The uncertainty and ambiguity of not knowing how many patients will be discharged impact patient throughput in hospitals, causing concerns for responding to demand for admissions. Understanding the potential number of patients to be discharged can support caregivers, ability to concentrate on the range of interactions that patients require to ensure early discharge. Accurate forecasting of patients expected to be discharged by noon is beneficial in accommodating patients who need services and in achieving sustainable patient satisfaction.
Models to predict patient discharge before noon (DBN) were formulated using Holt's double exponential smoothing and Box-Jenkins' methods with the aim of achieving minimal errors in each model. The models are applied to 24 months of weekly patient discharge historic data in a medical observation unit and a short-stay clinical unit of a health care hospital system located on the East Coast of United States.
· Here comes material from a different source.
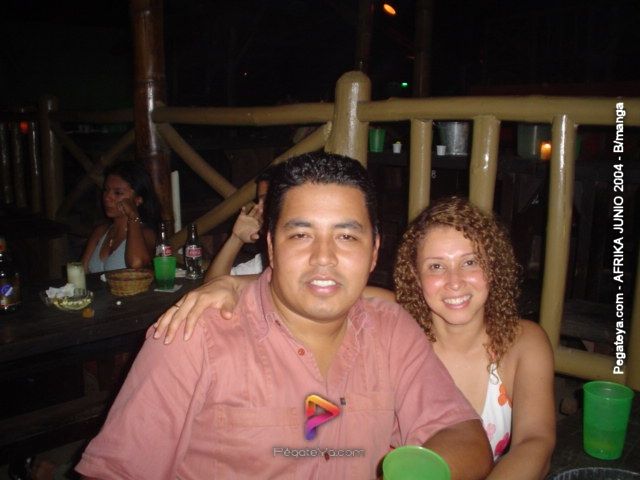 Foto 264 de Afrika · 20 de julio de 2004 en Discoteca Afrika, Bucaramanga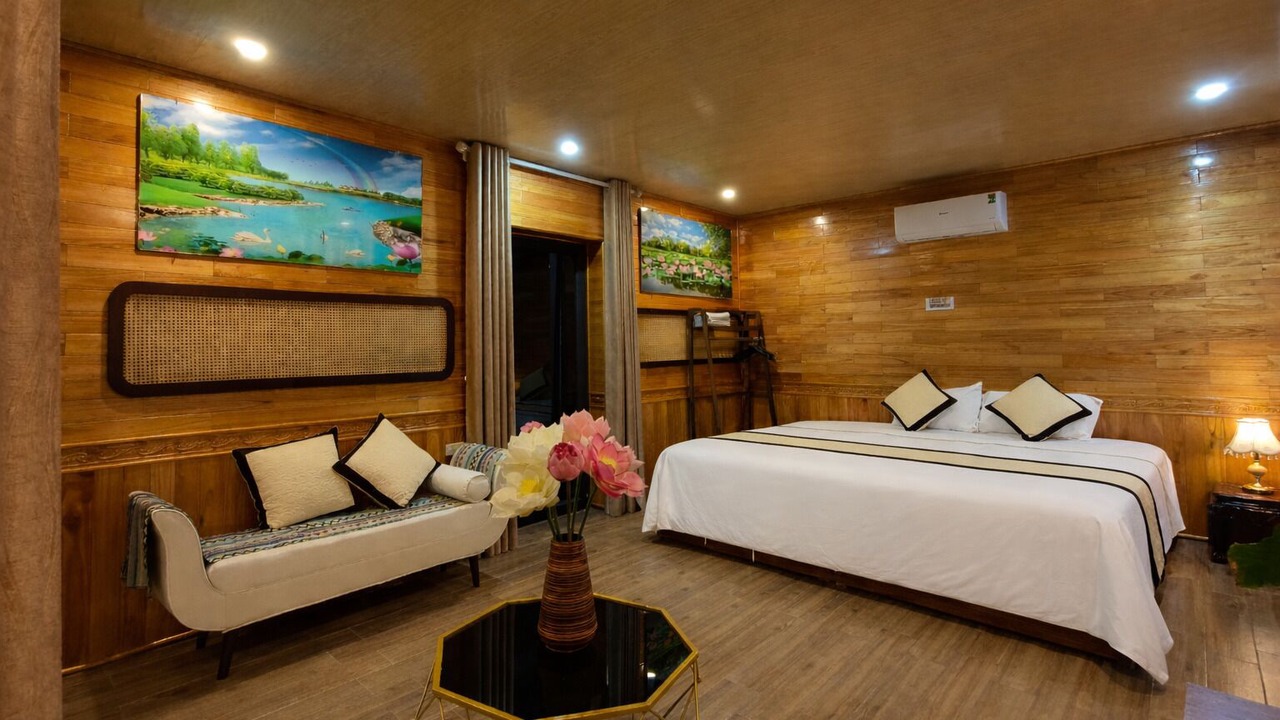 Photo of Bedroom in Hoa Lu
DBN prediction outcomes were more accurate when applying Box-Jenkins' method than Holt's method. Analysis revealed that the model of ARIMA(3,1,2) is most suitable for forecasting. Upon the outcomes of forecast error metrics, the study identifies the mean absolute percent error for the ARIMA model is 14%.
Box-Jenkins forecasting performance is superior in predicting DBN with the least forecast error. Predicted values are significant to decision-making interventions aimed at taking new patients, improving quality patient care, and meeting patient throughput performance goals.